* PROBLEM STATEMENT *
Keep only the lines from the top of the listing through the one with "pinguinos-antartida.jpg", and reproduce them unaltered.

* SOURCE MATERIAL *
=== Section Start ===

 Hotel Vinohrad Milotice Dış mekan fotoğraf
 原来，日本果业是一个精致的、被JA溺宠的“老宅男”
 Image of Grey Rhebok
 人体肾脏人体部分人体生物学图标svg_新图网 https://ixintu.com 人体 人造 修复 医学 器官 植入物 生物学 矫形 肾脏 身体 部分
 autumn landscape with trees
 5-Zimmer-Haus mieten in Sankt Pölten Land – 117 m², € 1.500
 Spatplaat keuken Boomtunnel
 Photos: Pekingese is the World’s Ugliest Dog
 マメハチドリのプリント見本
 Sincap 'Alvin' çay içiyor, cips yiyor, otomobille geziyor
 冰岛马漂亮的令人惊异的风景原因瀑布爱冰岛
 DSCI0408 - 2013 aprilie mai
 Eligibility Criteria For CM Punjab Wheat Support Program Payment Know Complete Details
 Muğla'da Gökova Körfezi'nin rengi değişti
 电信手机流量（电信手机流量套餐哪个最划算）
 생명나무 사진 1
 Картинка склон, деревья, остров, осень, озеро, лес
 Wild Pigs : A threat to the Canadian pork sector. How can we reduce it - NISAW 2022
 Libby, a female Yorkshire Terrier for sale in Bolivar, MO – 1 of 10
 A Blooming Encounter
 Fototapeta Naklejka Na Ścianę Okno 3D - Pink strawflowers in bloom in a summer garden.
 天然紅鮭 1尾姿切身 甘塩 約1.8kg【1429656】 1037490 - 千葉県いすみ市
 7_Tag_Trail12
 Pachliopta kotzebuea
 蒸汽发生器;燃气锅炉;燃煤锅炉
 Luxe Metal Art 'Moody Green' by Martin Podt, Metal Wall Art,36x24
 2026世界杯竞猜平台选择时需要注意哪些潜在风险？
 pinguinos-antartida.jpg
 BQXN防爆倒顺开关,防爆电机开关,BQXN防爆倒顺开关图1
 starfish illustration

=== Section End ===

* RESULT FOR THIS EXERCISE *
 Hotel Vinohrad Milotice Dış mekan fotoğraf
 原来，日本果业是一个精致的、被JA溺宠的“老宅男”
 Image of Grey Rhebok
 人体肾脏人体部分人体生物学图标svg_新图网 https://ixintu.com 人体 人造 修复 医学 器官 植入物 生物学 矫形 肾脏 身体 部分
 autumn landscape with trees
 5-Zimmer-Haus mieten in Sankt Pölten Land – 117 m², € 1.500
 Spatplaat keuken Boomtunnel
 Photos: Pekingese is the World’s Ugliest Dog
 マメハチドリのプリント見本
 Sincap 'Alvin' çay içiyor, cips yiyor, otomobille geziyor
 冰岛马漂亮的令人惊异的风景原因瀑布爱冰岛
 DSCI0408 - 2013 aprilie mai
 Eligibility Criteria For CM Punjab Wheat Support Program Payment Know Complete Details
 Muğla'da Gökova Körfezi'nin rengi değişti
 电信手机流量（电信手机流量套餐哪个最划算）
 생명나무 사진 1
 Картинка склон, деревья, остров, осень, озеро, лес
 Wild Pigs : A threat to the Canadian pork sector. How can we reduce it - NISAW 2022
 Libby, a female Yorkshire Terrier for sale in Bolivar, MO – 1 of 10
 A Blooming Encounter
 Fototapeta Naklejka Na Ścianę Okno 3D - Pink strawflowers in bloom in a summer garden.
 天然紅鮭 1尾姿切身 甘塩 約1.8kg【1429656】 1037490 - 千葉県いすみ市
 7_Tag_Trail12
 Pachliopta kotzebuea
 蒸汽发生器;燃气锅炉;燃煤锅炉
 Luxe Metal Art 'Moody Green' by Martin Podt, Metal Wall Art,36x24
 2026世界杯竞猜平台选择时需要注意哪些潜在风险？
 pinguinos-antartida.jpg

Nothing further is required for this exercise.